PT Inco Nickel Mine and Smelter

Inco Ltd.
EDC: loans of $60 and $200 million[1]
CPP: $130 million[2]

For thirty years Inco enjoyed a cozy relationship with the repressive and corrupt Suharto regime.[3]

Members of the Karonsi’e Dongi and Sorowako indigenous communities lost their most productive agricultural land when the PT Inco mine was built, and they received paltry compensation in return.[4] Mining activity has degraded land and water resources,[5] and initial monitoring suggests that smelter emissions affect air quality in neighbouring communities.[6] Despite apparent efforts by Inco to resolve community claims in recent years, protesting residents report being threatened and intimidated by the Indonesian military and police.[7]

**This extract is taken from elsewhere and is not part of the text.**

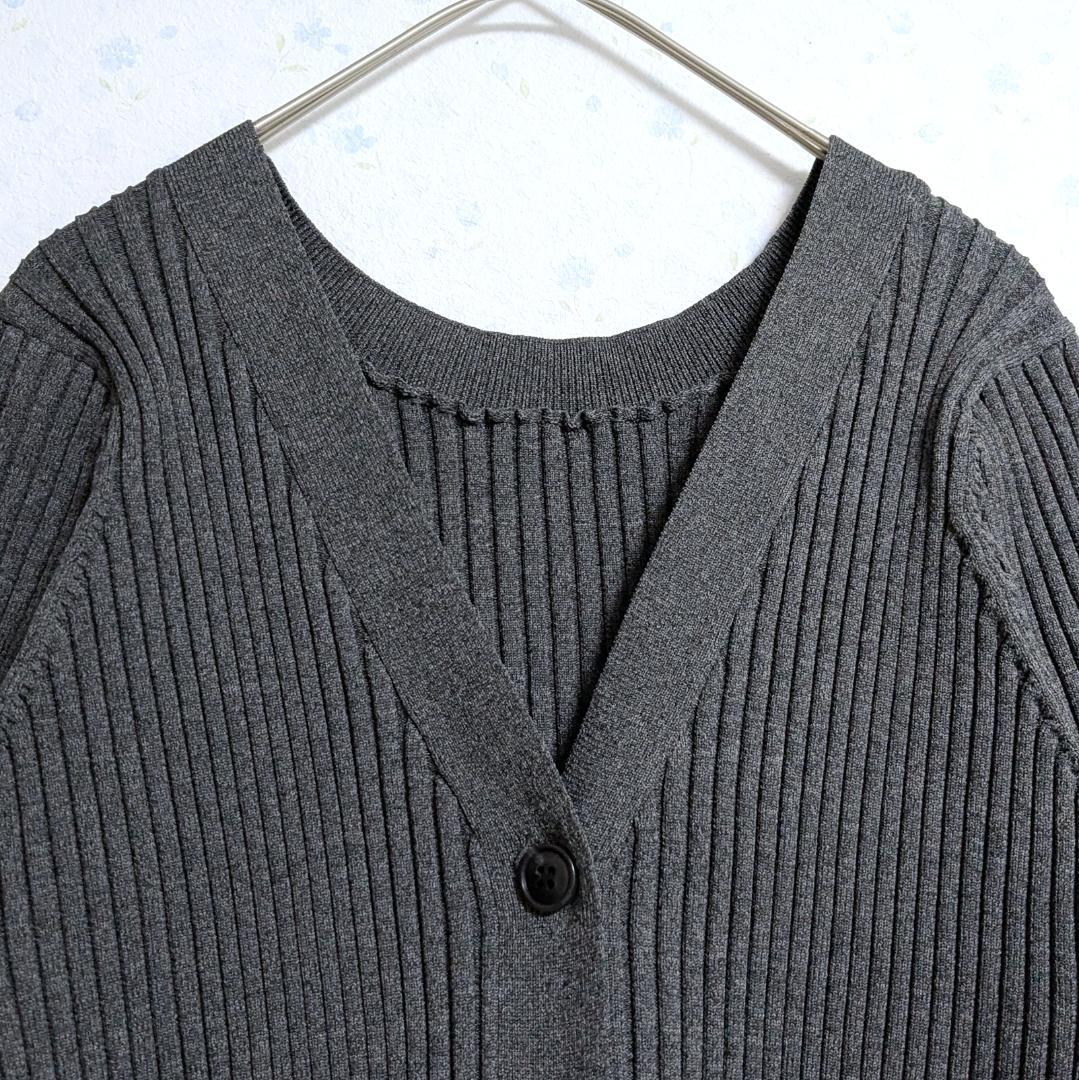 美品 24AW GALLARDAGALANTE ペプラム2WAYカーデ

[1] NGO Working Group on the EDC. Seven Deadly Secrets: What the Export Development Canada does not want you to know. January 2003. 

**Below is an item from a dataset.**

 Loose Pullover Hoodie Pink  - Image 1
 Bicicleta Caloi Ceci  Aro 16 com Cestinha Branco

[2] CPP Investment Board Canadian Equity Holdings as of March 31, 2006.

[3] NGO Working Group on the EDC. Seven Deadly Secrets: What the Export Development Canada does not want you to know. January 2003.

[4] Ballard, Chris. Human Rights and the Mining Sector in Indonesia: A Baseline Study. IIED and World Business Council for Sustainable Development. October 2001.

[5] Ibid.

[6] Glynn, Tracy. Community-Based Research on the Environmental and Human Health Impacts of a Laterite Nickel Mine and Smelter in Sorowako, Indonesia. A thesis submitted to the School of Graduate Studies in partial fulfillment of the requirements for the degree of Master of Science (Environmental Science). Memorial University of Newfoundland, St. John's, Newfoundland. January 2006.

[7] KRAPASKAD (Karonsi'e Dongi Community Alliance). Ethnocide of the Sorowako Karonsi'e Dongi People. 2003.

Robinson, Kathryn. Stepchildren of Progress: The Political Economy of Development in an Indonesian Mining Town. State University of New York Press. 1986.